**Exercise objective**
Starting at the line that contains "Horses on Grass", reproduce every line through the end of the entries below, with no pictures in the copy.
+++ Data for the task
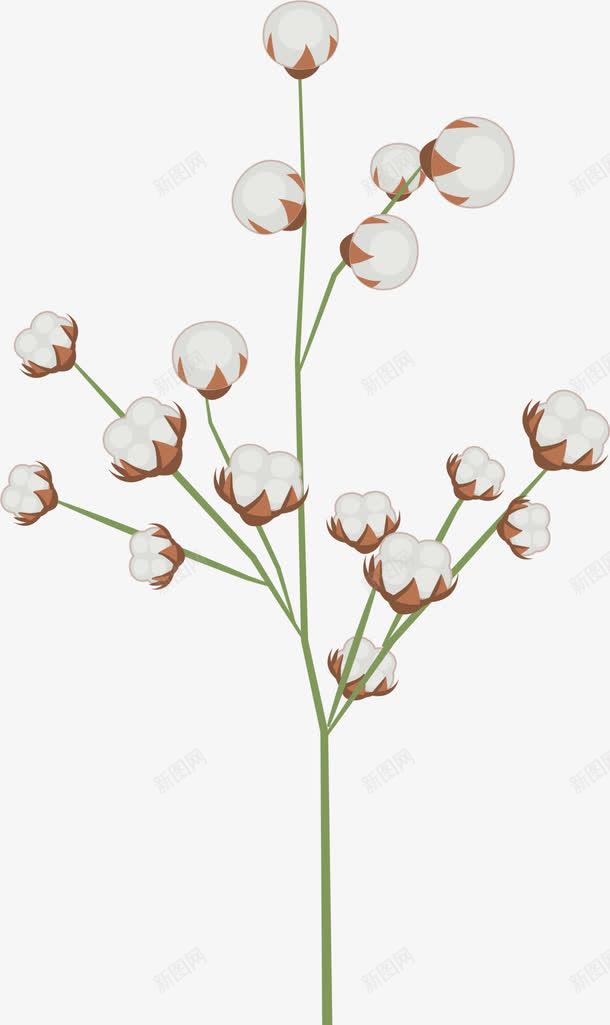 春季白色棉花植物png免抠素材_88icon https://88icon.com 开花 春季花朵 棉花 植物 花絮 装饰图案
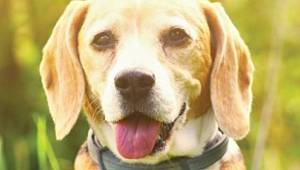 Kayserigaz: Yaşam onlarla daha güzel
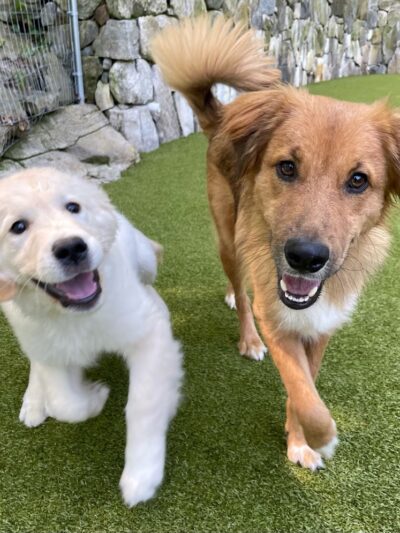 Westchester K-9 - Serving Westchester, Putnam, CT, NYC - Carmel Hamlet, NY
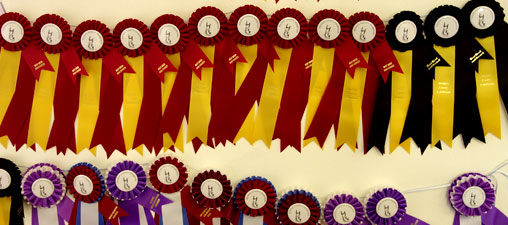 Exhibition Award ribbons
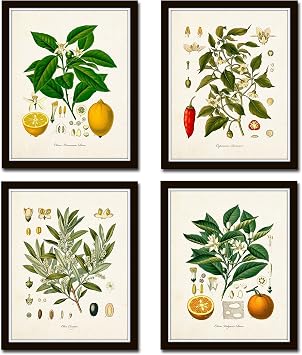 Vintage Fruit Print Set No. 20 Set of 4 Giclee Botanical Prints Home Decor Wall Art - Botanical Prints, Wall Art Prints, Vintage Wall Art, Vintage Wall Decor, Vintage Art Prints, Unframed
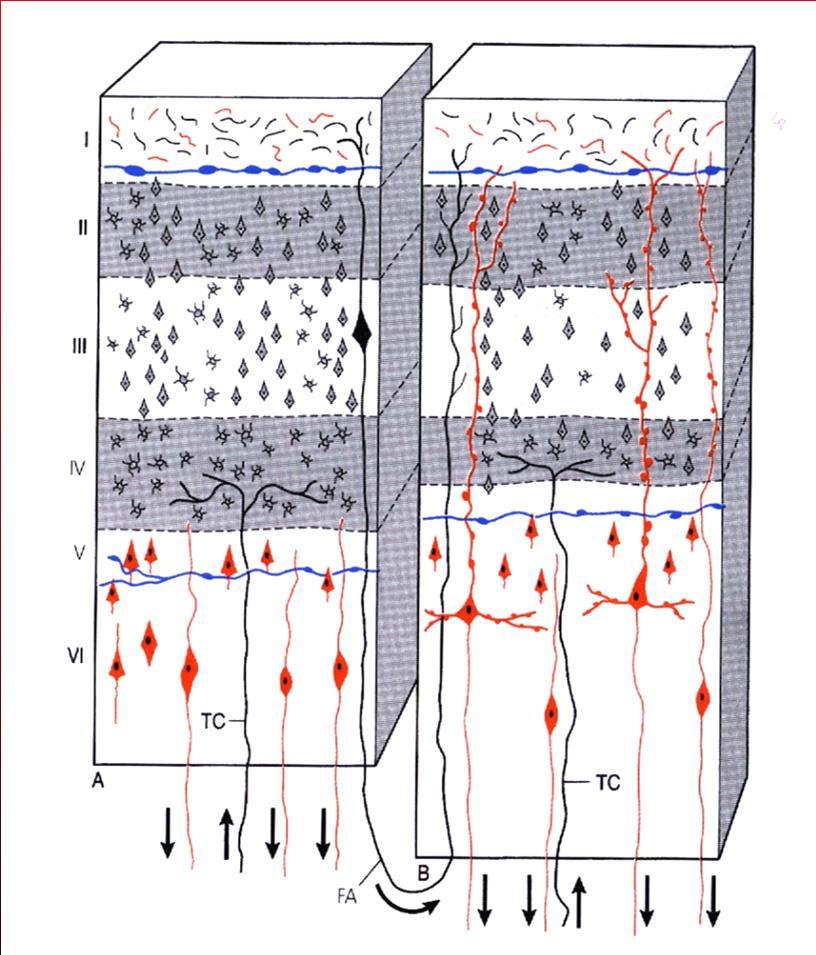 Telencefalo: corteccia telencefalica Organizzazione laminare I strato: molecolare II granulare esterno III IV piramidale esterno granulare interno cellule stellate particolarmente abbondanti in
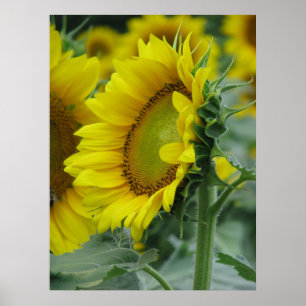 Poster Série de tournesols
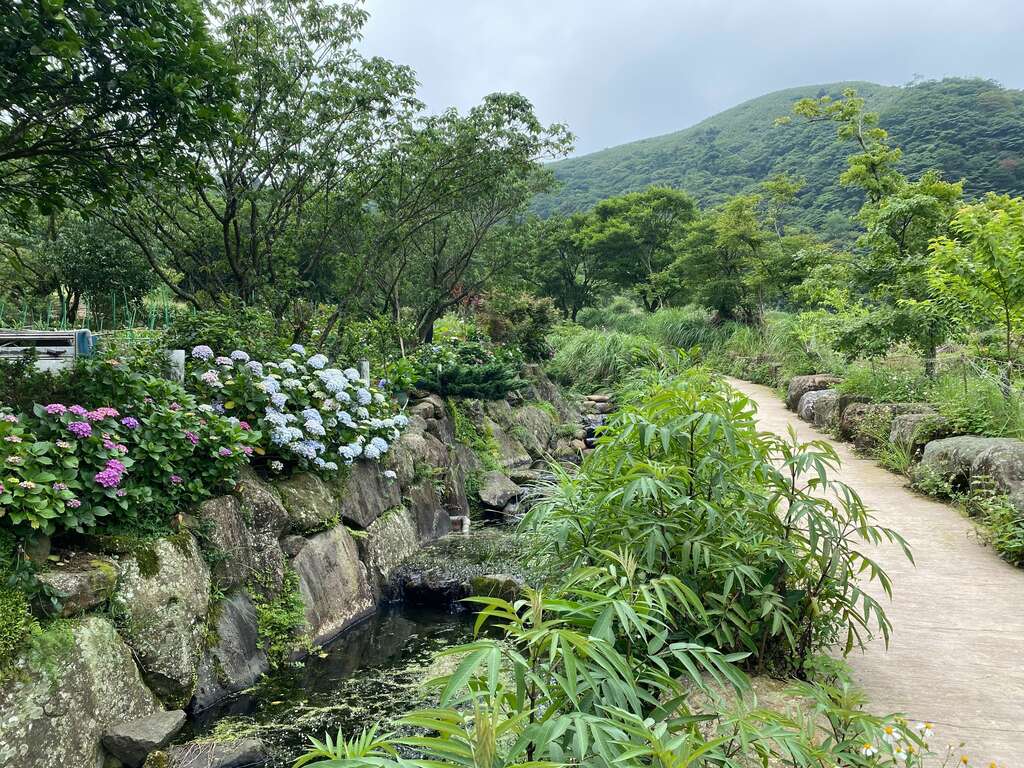 悠遊溪畔步道賞繡球花。 圖：台北市政府工務局大地工程處／提供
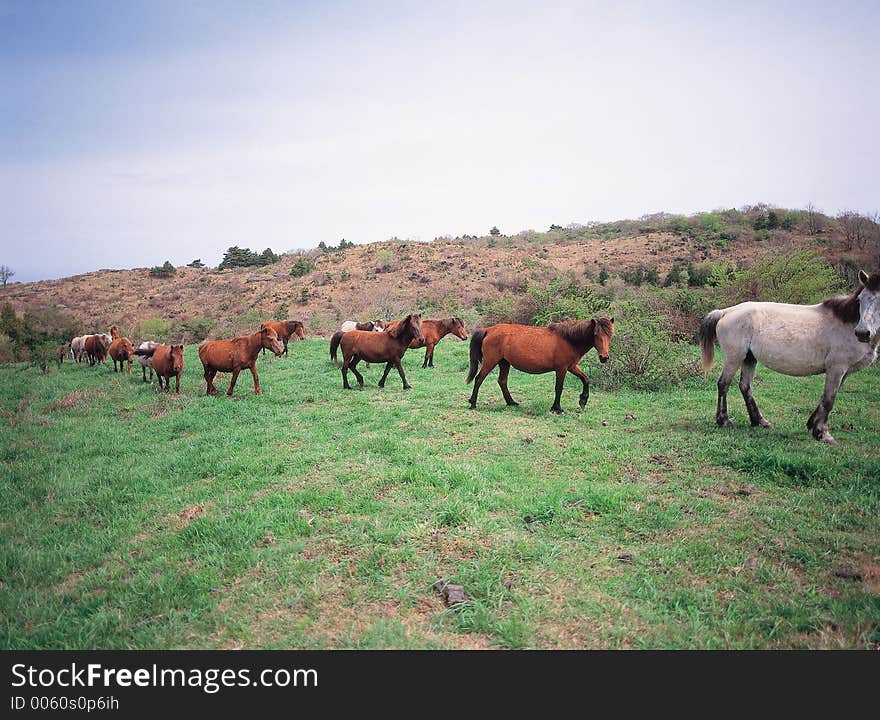 Horses on Grass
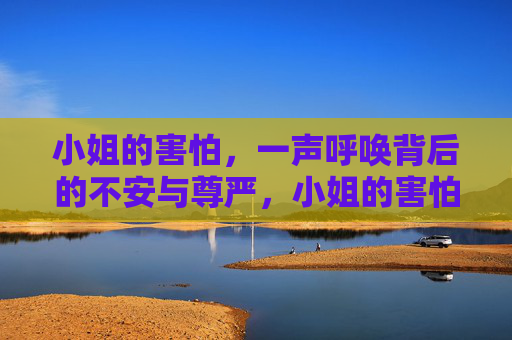 小姐的害怕，一声呼唤背后的不安与尊严，小姐的害怕，呼唤声里的不安与尊严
++++++
**Response area**
 Horses on Grass
 小姐的害怕，一声呼唤背后的不安与尊严，小姐的害怕，呼唤声里的不安与尊严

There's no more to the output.